_DATASET SECTION_:

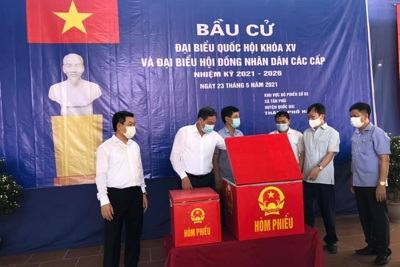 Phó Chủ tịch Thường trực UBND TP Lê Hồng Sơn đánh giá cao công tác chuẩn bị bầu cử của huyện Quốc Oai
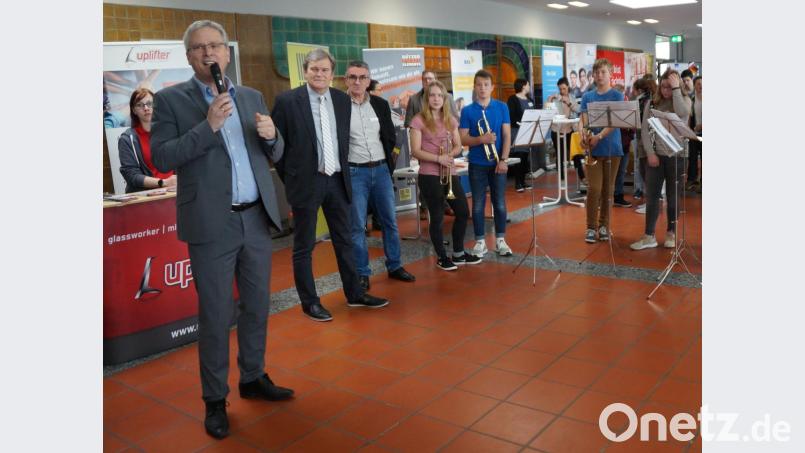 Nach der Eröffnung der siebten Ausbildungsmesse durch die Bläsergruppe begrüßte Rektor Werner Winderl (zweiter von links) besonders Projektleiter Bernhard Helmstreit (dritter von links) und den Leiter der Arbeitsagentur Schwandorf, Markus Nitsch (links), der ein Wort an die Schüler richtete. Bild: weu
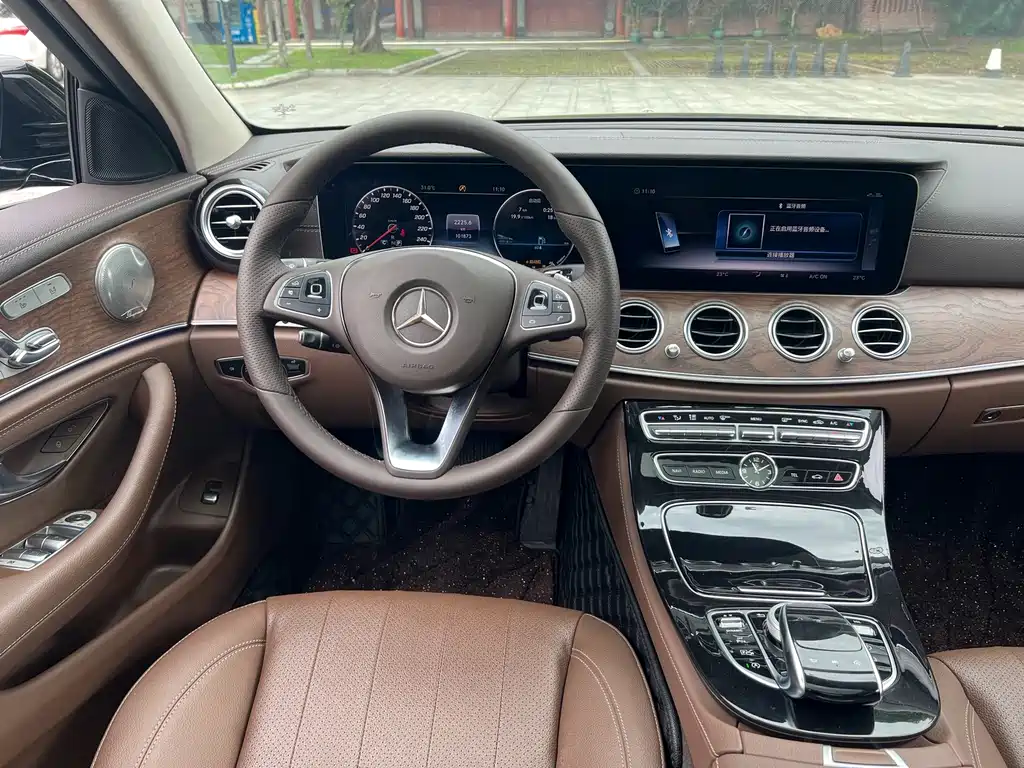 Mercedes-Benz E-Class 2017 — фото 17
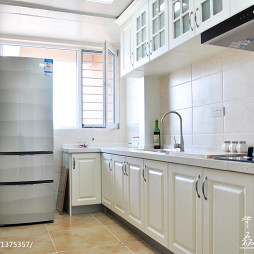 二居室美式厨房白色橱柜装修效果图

_DESCRIPTION OF THE TASK_: The material above should be returned exactly, without pictures.

_YOUR RESPONSE_:
 Phó Chủ tịch Thường trực UBND TP Lê Hồng Sơn đánh giá cao công tác chuẩn bị bầu cử của huyện Quốc Oai
 Nach der Eröffnung der siebten Ausbildungsmesse durch die Bläsergruppe begrüßte Rektor Werner Winderl (zweiter von links) besonders Projektleiter Bernhard Helmstreit (dritter von links) und den Leiter der Arbeitsagentur Schwandorf, Markus Nitsch (links), der ein Wort an die Schüler richtete. Bild: weu
 Mercedes-Benz E-Class 2017 — фото 17
 二居室美式厨房白色橱柜装修效果图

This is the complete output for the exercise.